=== Try it ===
Beginning at the line that contains "a living room", repeat each line exactly through the last one of the records below, and leave out the pictures.

--

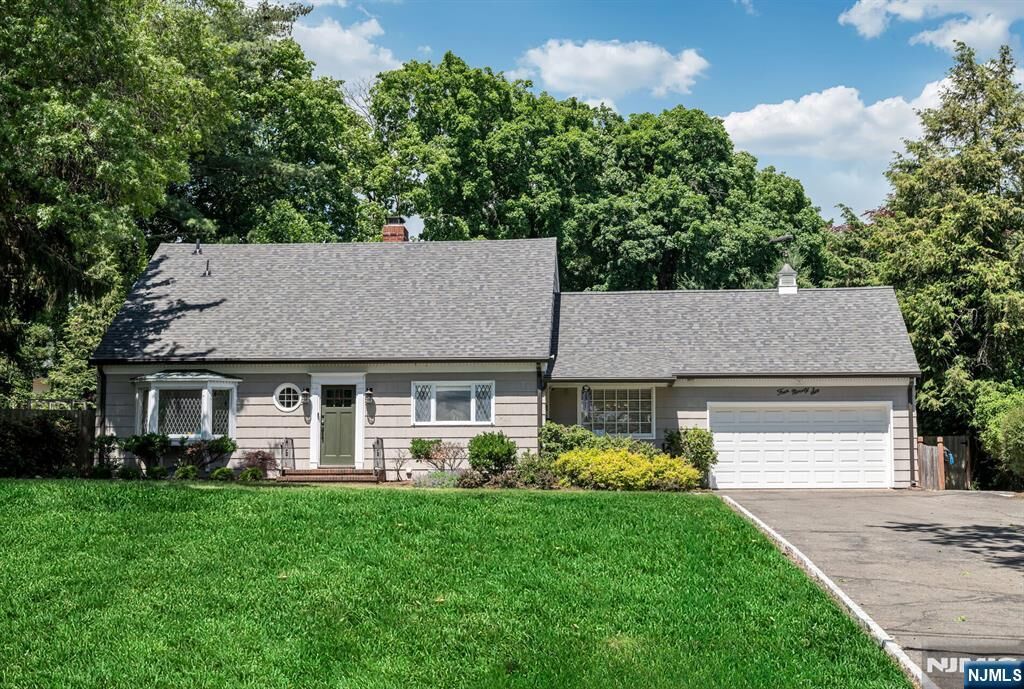 Property Photo:  496 Lincoln Avenue  NJ 07450 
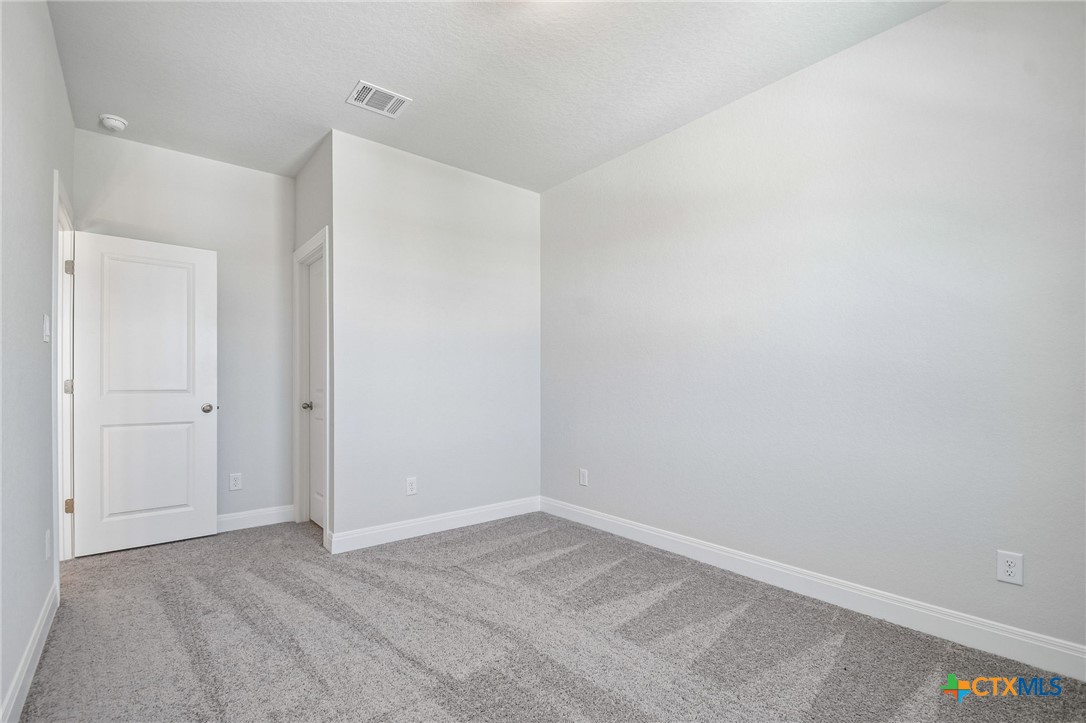 121 Prickly Poppy Loop Property Photo 33
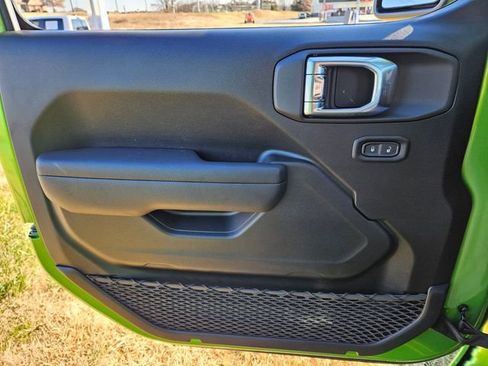 New 2026 Jeep Gladiator Sport image 13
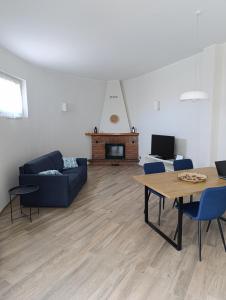 a living room with a couch and a table at Cogoleto - Villetta Il Canneto in Cogoleto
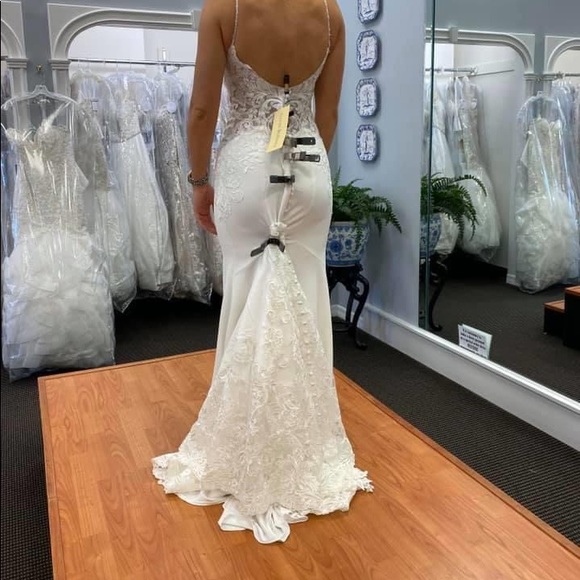 Allure bridal wedding dress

--

=== Reply ===
 a living room with a couch and a table at Cogoleto - Villetta Il Canneto in Cogoleto
 Allure bridal wedding dress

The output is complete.